→ Dataset excerpts:
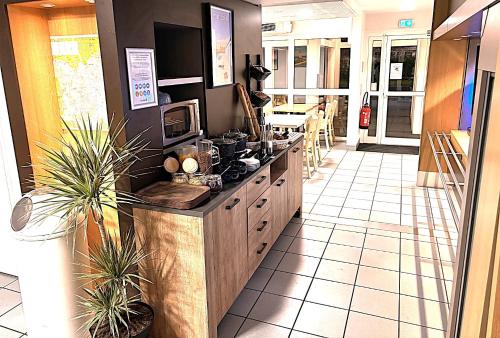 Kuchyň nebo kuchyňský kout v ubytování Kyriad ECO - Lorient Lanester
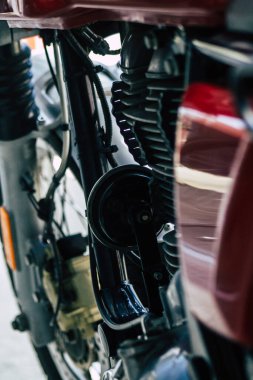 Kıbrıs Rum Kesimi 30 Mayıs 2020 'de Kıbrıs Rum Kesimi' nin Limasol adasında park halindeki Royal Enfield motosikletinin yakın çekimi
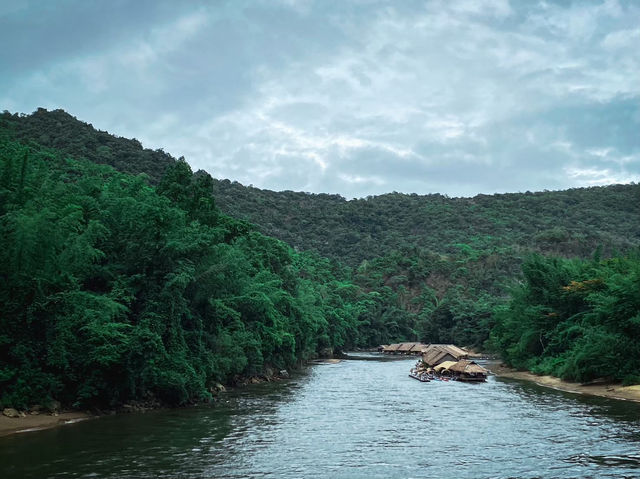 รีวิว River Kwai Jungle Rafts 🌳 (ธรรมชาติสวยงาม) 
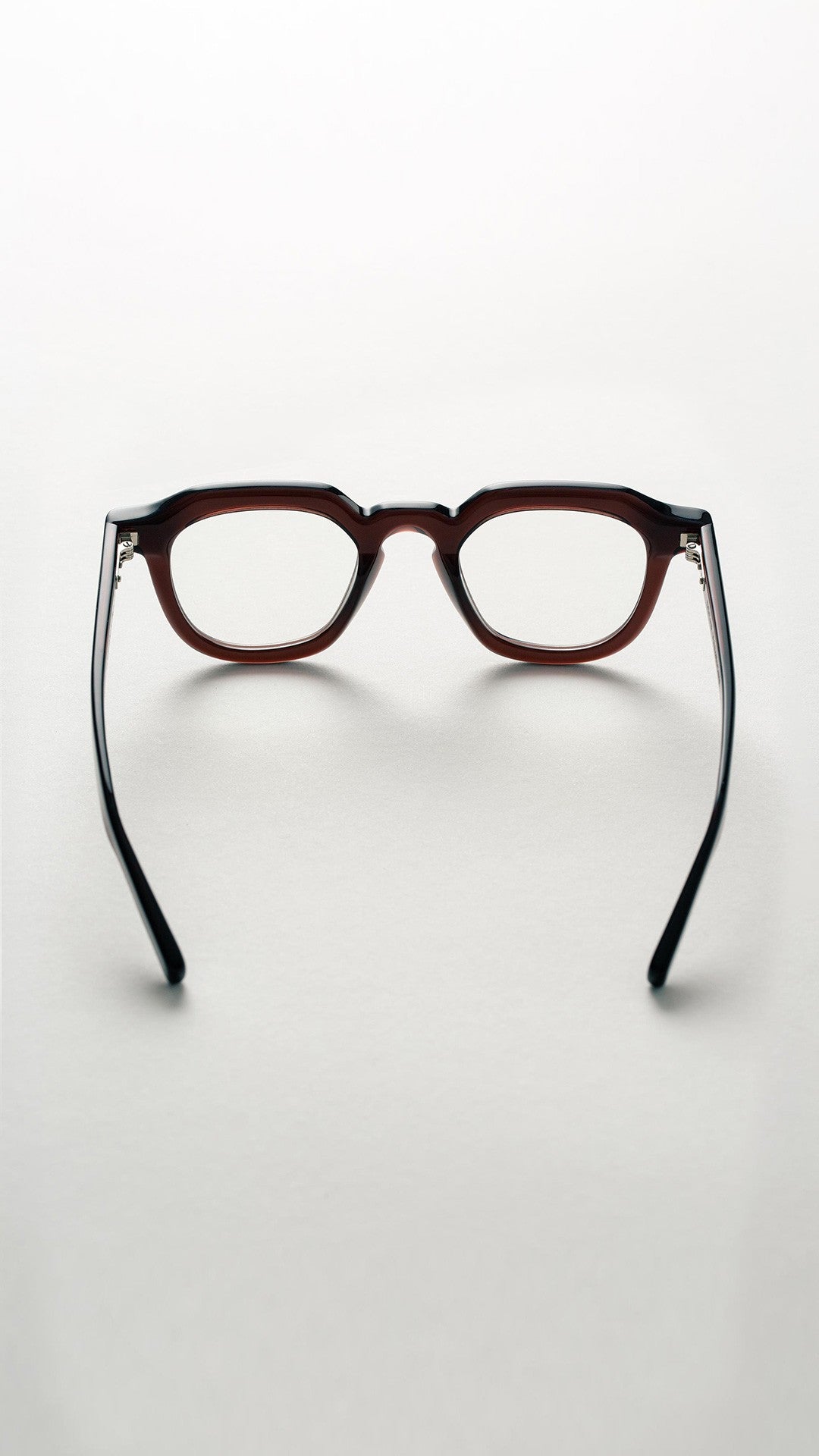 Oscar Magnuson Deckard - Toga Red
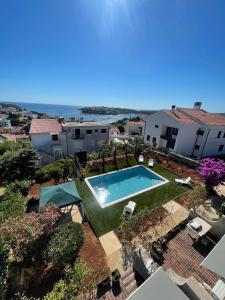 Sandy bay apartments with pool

→ Required action:
From the line that contains "Oscar Magnuson Deckard - Toga Red" to the last line of the data, print each line exactly, both ends included, and omit the pictures.

→ Reply to the task:
 Oscar Magnuson Deckard - Toga Red
 Sandy bay apartments with pool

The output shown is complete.